Erläuterungen zu den Definitionsversuchen

Die wirtschaftliche Dimension der Globalisierung besitzt zweifellos große Bedeutung und bildet eine wichtige Ursache und Triebkraft für Globalisierungsprozesse in anderen Bereichen. Dabei darf aber nicht übersehen werden, dass Globalisierung weit mehr umfasst als die zunehmende Integration der Weltwirtschaft und deshalb nicht auf wirtschaftliche Prozesse verkürzt werden darf, was nach wie vor häufig geschieht (siehe Grundkurs 2: Dimensionen der Globalisierung).

Die verschiedenen beteiligten Wissenschaftsdisziplinen (in erster Linie Wirtschafts-, Geschichts-, Politikwissenschaft und Soziologie) tun sich schwer mit einer Begriffsbestimmung. Das kann nicht verwundern, ähnelt die Aufgabe doch der berühmten Quadratur des Kreises, der begrifflichen Eingrenzung der „Entgrenzung”.

Die Kurzzitate verweisen auf den außerordentlich bedeutsamen Aspekt der Entgrenzung und die Folgen für den Nationalstaat (Altvater).

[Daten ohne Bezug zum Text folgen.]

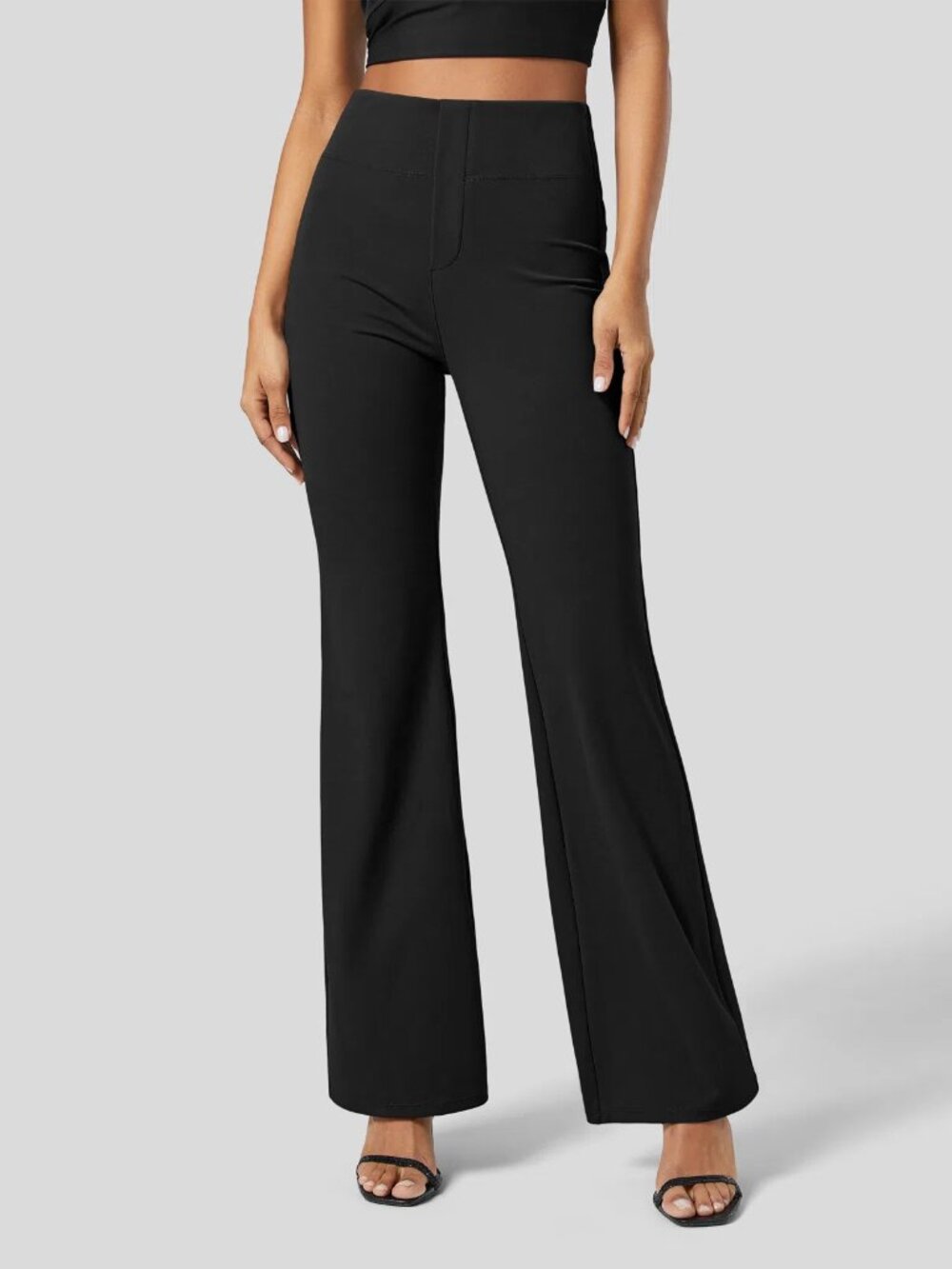 Halara Small Petite Black Flex High Waisted Back Pocket Slight Flare Work Pants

Es findet sich das Verständnis von Globalisierung im engen wirtschaftlichen Sinn (Desai, Weizsäcker). Die epochale Bedeutung der Prozesse, die unter dem Schlagwort Globalisierung zusammengefasst werden, wird an der Gleichsetzung mit der industriellen Revolution deutlich (Messner/Nuscheler).

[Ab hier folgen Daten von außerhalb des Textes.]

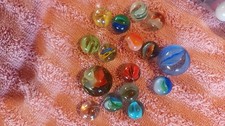 vintage marbles lot all cats eye 5-6 ribbon assorted colors. Glass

Auf einer Metaebene spricht Varwick von der Funktion des Begriffs im öffentlichen Diskurs, was nachdrücklich darauf hinweist, dass über Globalisierung nicht angemessen gesprochen werden kann, ohne darüber zu sprechen, wie über Globalisierung gesprochen wird.

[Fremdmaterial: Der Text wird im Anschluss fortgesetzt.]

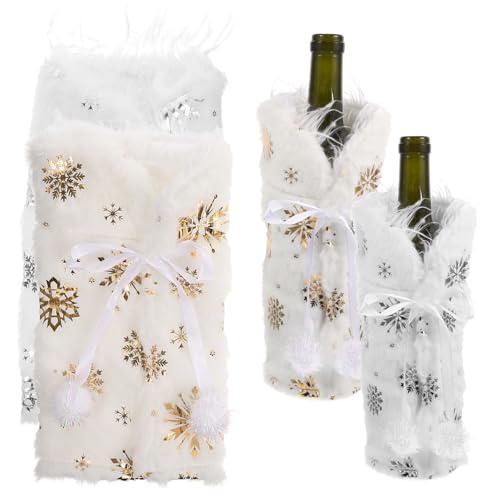 Cabilock 4 Stück Weinflaschen-Set weihnachtsdeko weihnachtsmotiv red Wine Abdeckbeutel für Weinflaschen Kleidung aus Weinflaschen weihnachtswein versorgung weihnachtliche Flaschenabdeckung von Cabilock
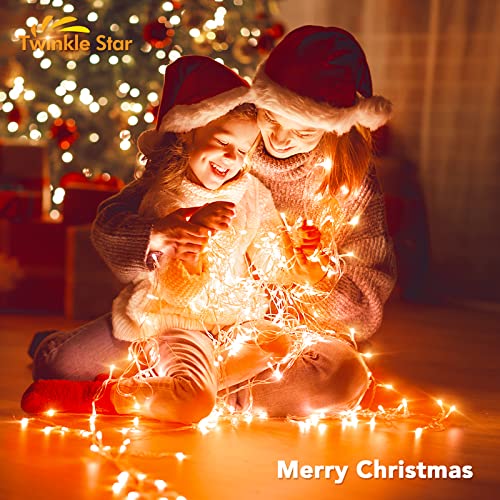 Twinkle Star 360 LED Christmas Icicle Lights Outdoor Dripping Ice Cycle Lights, 29.5ft 8 Modes Curtain Fairy Lights with 60 Drops, Indoor Xmas Holiday Wedding Party Decorations (Orange)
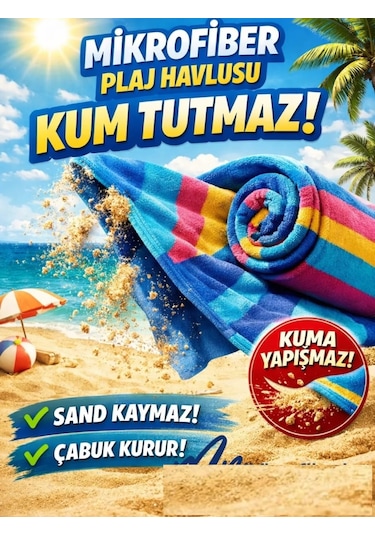 Bilmar Mikrofiber Yazlık Plaj Seti Hasır + Çanta + Havlular 6 Parça Çok Renkli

Mehrfach wird die grundlegende Bedeutung der Interdependenz (wechselseitige Abhängigkeit), der Verbindung (Integration) bzw. des Austausches angesprochen (Menzel, Desai, Giddens, Varwick). Viele Bestimmungsversuche begnügen sich dann auch mit diesem Aspekt der „steigenden Verbindungen” (Varwick, Menzel), der zwar unkritisch, dafür aber weitgehend inhaltsleer ist.

Bei Altvater und Schumann/Martin scheint eine wichtige Stoßrichtung der Globalisierungskritik auf, nämlich die Verselbständigung der Wirtschaft, die von der Politik nicht mehr kontrolliert oder „eingebettet” werden kann.